【日本史入門】弥生時代とは? 各時期区分の特徴、違い等がスッキリわかる!

 弥生時代は、日本列島で水稲農耕(米作り)が始まってたくさんの小さな国ができ、やがて国々がより大きな国へと統合されていった時代です。もっとも、米作りの開始から中国の歴史書に登場するような国の形成までの間には、600年とも1000年以上ともいわれる時の流れがあります。

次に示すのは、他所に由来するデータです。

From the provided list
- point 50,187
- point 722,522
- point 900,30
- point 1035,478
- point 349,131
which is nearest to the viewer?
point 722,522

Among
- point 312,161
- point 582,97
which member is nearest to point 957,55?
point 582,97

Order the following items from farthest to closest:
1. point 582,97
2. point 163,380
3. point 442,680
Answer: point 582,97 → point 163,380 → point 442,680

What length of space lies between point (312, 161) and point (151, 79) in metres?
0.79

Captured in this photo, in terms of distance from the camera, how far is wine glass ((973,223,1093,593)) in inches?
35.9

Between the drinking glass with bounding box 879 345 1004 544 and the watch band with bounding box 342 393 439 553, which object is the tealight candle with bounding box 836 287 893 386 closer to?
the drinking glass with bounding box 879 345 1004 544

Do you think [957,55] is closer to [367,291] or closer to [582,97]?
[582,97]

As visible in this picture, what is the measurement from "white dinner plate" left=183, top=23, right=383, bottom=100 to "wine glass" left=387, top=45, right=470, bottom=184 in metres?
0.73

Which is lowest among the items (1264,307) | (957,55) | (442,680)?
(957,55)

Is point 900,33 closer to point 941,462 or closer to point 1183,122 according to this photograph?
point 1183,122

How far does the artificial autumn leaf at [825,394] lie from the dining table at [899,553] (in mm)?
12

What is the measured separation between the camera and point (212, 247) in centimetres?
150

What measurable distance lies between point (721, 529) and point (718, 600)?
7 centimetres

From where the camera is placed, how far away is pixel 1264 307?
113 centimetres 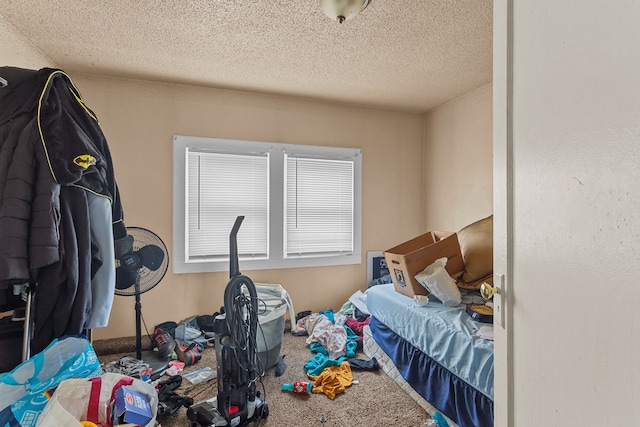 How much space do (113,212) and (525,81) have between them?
1.86 metres

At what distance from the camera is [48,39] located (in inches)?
92.7

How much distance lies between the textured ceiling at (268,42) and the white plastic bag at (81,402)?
79.2 inches

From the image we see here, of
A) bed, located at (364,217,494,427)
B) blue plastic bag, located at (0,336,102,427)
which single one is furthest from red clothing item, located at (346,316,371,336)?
blue plastic bag, located at (0,336,102,427)

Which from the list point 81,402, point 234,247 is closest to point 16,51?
point 234,247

 ここでは、弥生時代の各時期区分の特徴や文化的な特色を通して、弥生時代を通じて日本列島がどのような変化が起きたのか解説します。

弥生時代とはどんな時代か

 弥生時代は北部九州で水稲耕作が始まり、人々の間に階層が生まれた時代です。また、鉄器や青銅器が使われるようになりました。

 「弥生時代」という名称の由来は、明治17年(1884)に東京都の弥生町遺跡で見つかった壺型土器です。この土器は、縄文土器とは異なる特徴を持っていたことから「弥生式土器」と名付けられました。のちに、この土器が使われた時代に農耕が行われていたことが明らかになり、弥生土器が使われた時代を「弥生時代」と呼ぶようになりました。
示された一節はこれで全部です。